O presente artigo tem como finalidade discorrer a respeito dos aspectos históricos e epistemológicos, da validade e segurança jurídica dos contratos eletrônicos bem como dos desafios impostos ao ordenamento jurídico brasileiro no que diz respeito ao regulamento das relações comerciais virtuais. Além disso, são expostas algumas considerações acerca da proposta de alteração do Código de Defesa do Consumidor, ou seja, sobre o projeto de lei 281/2012. Nesse sentido, para que os escopos mencionados sejam concretizados, o respectivo estudo se divide em três capítulos.
No primeiro capítulo, são retratados os aspectos históricos e conceituais dos contratos de maneira geral. Posteriormente, é feita uma abordagem acerca dos princípios, formas e requisitos contratuais.
O capítulo seguinte se dedica exclusivamente aos contratos eletrônicos, destacando como ocorre sua validade, as declarações de vontade, formação e outras particularidades.

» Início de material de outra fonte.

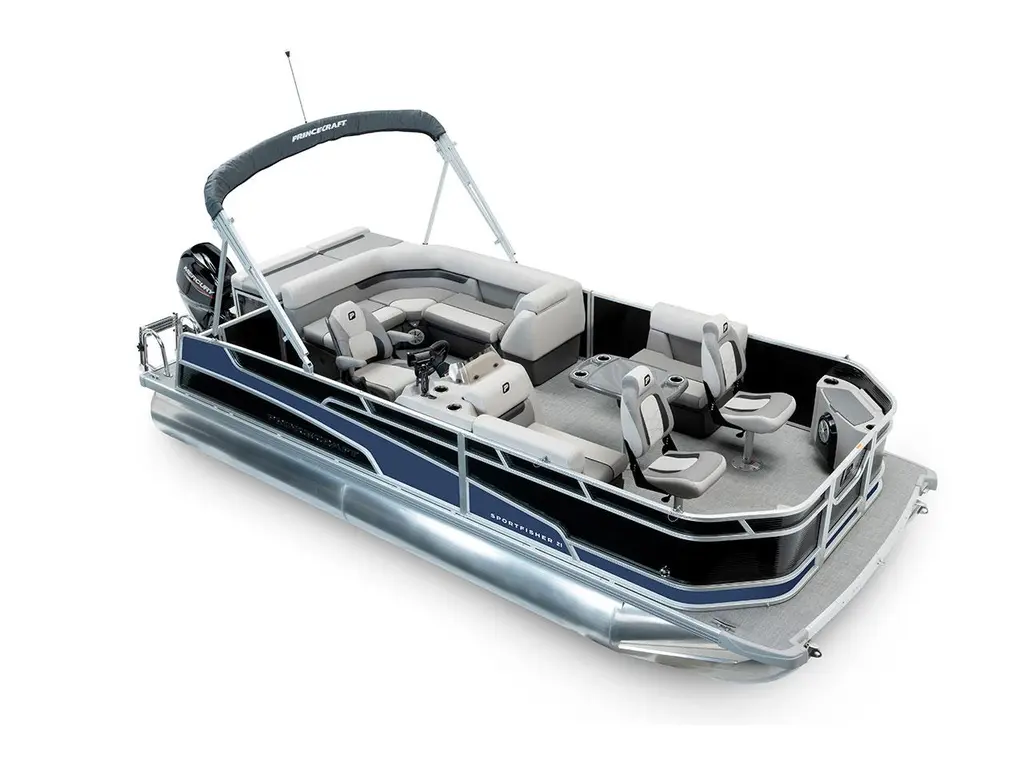 Princecraft Sportfisher 21-2S Noir - Édition Bleu Nautique 2025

O terceiro capítulo é voltado à segurança jurídica do consumidor, evidenciando assim os mecanismos existentes para a diminuição de fraudes, como a criptografia, a assinatura e o certificado digitais. Além disso, é feita uma análise sobre o projeto de lei 281/2012.
Por fim, expõem-se as considerações finais com base na pesquisa realizada. Trata-se do momento em que haverá a presença de pensamentos conclusivos a respeito do percurso realizado para a finalização do presente estudo.
1.DOS CONTRATOS EM GERAL
1.1 Etimologia
A relação jurídica na sociedade ocorre por intermédio de alguns institutos, dentre os quais o que merece maior destaque é o contrato. Desde a antiguidade se fala em pacto. Em todas as fases evolutivas da sociedade, houve acompanhamento pelo contrato. Uma das características desse instrumento é a flexibilidade, pois ele se realiza de acordo com os moldes estabelecido em um meio social.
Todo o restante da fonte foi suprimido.